Stirling numbers

2010 Mathematics Subject Classification: Primary: 05A Secondary: 11B73 [MSN][ZBL]

In combinatorics, counts of certain arrangements of objects into a given number of structures. There are two kinds of Stirling number, depending on the nature of the structure being counted.

The Stirling numbers of the first kind $S(n,k)$ count the number of ways $n$ labelled objects can be arranged into $k$ cycles: cycles are regarded as equivalent, and counted only once, if they differ by a cyclic permutation, thus $[ABC] = [BCA] = [CAB]$ but is counted as different from $[CBA] = [BAC] = [ACB]$. The order of the cycles in the list is irrelevant.
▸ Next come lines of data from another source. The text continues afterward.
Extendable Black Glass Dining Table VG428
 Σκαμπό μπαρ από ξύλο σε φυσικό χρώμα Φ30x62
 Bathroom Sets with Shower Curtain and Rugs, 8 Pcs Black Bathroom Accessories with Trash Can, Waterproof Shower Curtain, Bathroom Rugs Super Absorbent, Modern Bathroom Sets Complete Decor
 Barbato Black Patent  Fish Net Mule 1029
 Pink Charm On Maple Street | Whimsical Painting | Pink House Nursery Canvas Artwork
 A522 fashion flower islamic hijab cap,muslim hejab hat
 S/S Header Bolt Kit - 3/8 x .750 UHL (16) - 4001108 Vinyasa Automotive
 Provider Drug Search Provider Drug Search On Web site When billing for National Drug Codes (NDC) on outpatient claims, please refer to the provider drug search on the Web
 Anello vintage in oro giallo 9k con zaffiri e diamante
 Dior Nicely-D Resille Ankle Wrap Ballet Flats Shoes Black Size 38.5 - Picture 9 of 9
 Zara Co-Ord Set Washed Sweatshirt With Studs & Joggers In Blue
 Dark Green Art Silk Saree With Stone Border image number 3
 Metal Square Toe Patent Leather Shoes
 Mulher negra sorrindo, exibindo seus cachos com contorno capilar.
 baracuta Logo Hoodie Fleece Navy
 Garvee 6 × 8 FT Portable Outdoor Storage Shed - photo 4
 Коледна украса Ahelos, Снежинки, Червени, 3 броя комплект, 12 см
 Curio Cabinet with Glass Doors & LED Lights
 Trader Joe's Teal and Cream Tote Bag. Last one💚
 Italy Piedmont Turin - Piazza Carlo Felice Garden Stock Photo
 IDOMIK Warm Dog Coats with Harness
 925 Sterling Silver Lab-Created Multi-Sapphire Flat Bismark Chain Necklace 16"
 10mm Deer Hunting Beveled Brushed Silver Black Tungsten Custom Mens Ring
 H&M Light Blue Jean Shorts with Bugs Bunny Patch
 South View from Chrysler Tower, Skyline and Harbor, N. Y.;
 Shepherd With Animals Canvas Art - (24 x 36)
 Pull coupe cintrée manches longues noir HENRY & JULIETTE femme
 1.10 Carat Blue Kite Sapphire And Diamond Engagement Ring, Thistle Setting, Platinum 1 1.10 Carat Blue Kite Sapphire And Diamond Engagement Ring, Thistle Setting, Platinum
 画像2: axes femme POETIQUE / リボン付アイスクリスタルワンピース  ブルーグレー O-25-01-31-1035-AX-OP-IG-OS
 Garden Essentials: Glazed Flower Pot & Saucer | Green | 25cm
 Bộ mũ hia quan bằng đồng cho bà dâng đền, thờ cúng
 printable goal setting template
For example, 4 objects can be arranged into 2 cycles in eleven ways, so $S(4,2) = 11$.

• [ABC],[D]
• [ACB],[D]
• [ABD],[C]
• [ADB],[C]
• [ACD],[B]
• [ADC],[B]
• [BCD],[A]
• [BDC],[A]
• [AB],[CD]
• [AC],[BD]
• [AD],[BC]

The number of permutations on $n$ letters with exactly $k$ cycles is given by $S(n,k)$. Hence $$ n!=\sum_{k=1}^nS(n,k) \ . $$

The Stirling numbers of the second kind $s(n,k)$ count the number of ways $n$ labelled objects can be arranged into $k$ subsets: the subsets are regarded as equivalent, and counted only once, if they have the same elements, thus $\{ABC\} = \{BCA\} = \{CAB\} = \{CBA\} = \{BAC\} = \{ACB\}$; the order of the subsets in the list is also irrelevant.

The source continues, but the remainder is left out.